▶ TASK INSTRUCTIONS
Please return each entry exactly as it appears, but not the pictures.

▶ EXERCISE INPUT
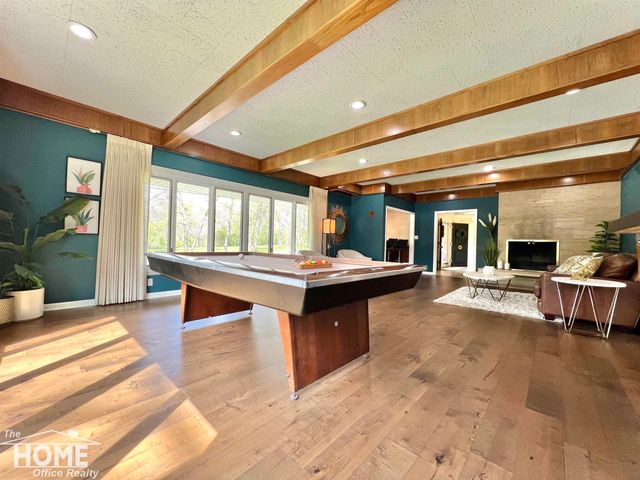 1111 W King Street, Owosso, MI 48867
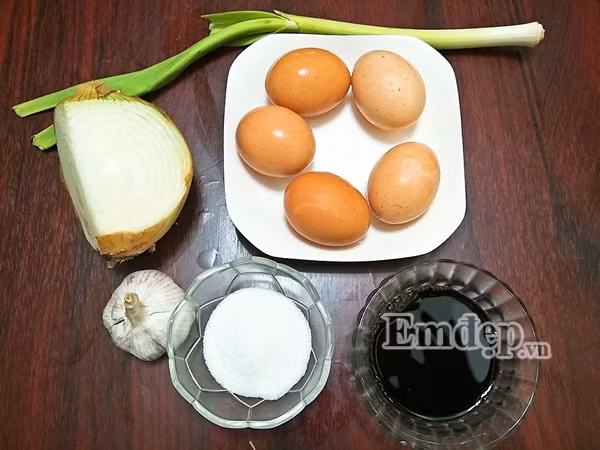 la mieng voi mon trung ngam nuoc tuong rat thom ngon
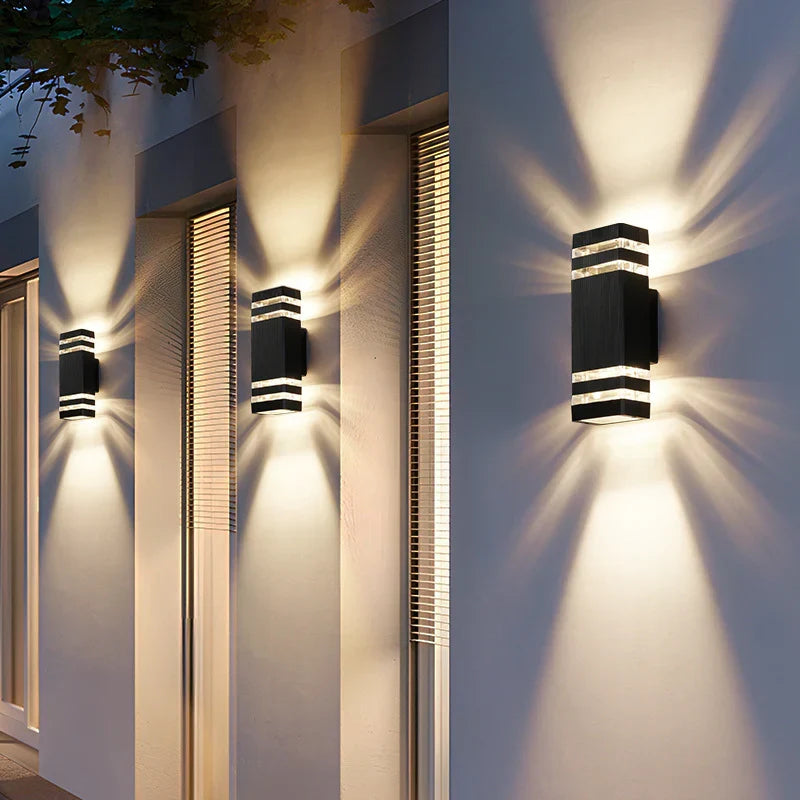 Outdoor Wall Light Two-Way Warm White LED IP65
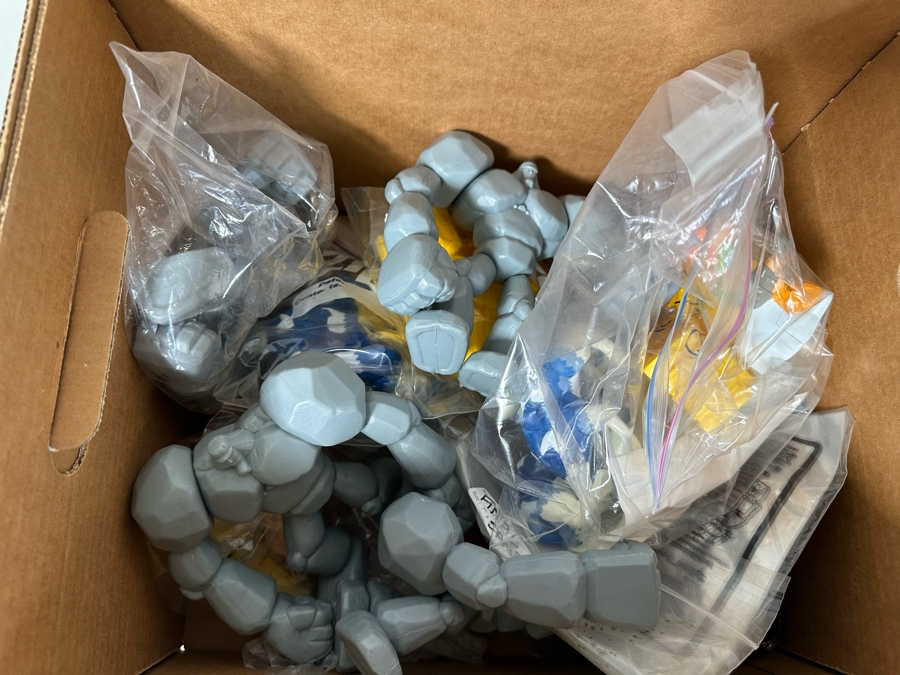 Monster Rancher Carl's Jr. / Hardee's Happy / Kid's Meal Toys Project Box With Prototype Toy Samples Cool Kids Designed By The CDM Company 2001 [Photo 26]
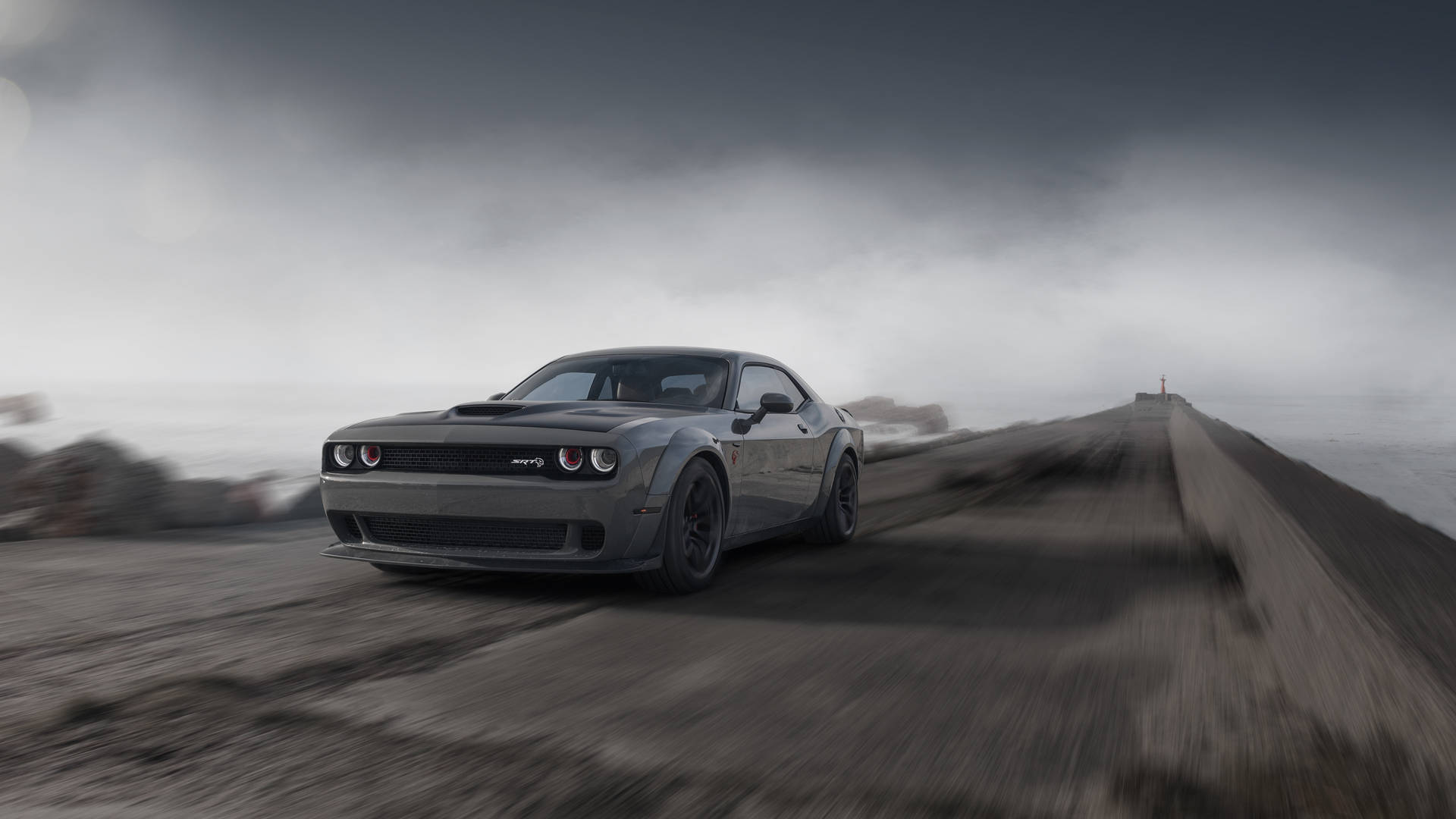 Gri Dodge Challenger Demon 4K Dumanlı Bir Yolda — Demon slayer 4K GIF Duvar Kağıdı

▶ ANSWER FOR THE TASK
 1111 W King Street, Owosso, MI 48867
 la mieng voi mon trung ngam nuoc tuong rat thom ngon
 Outdoor Wall Light Two-Way Warm White LED IP65
 Monster Rancher Carl's Jr. / Hardee's Happy / Kid's Meal Toys Project Box With Prototype Toy Samples Cool Kids Designed By The CDM Company 2001 [Photo 26]
 Gri Dodge Challenger Demon 4K Dumanlı Bir Yolda — Demon slayer 4K GIF Duvar Kağıdı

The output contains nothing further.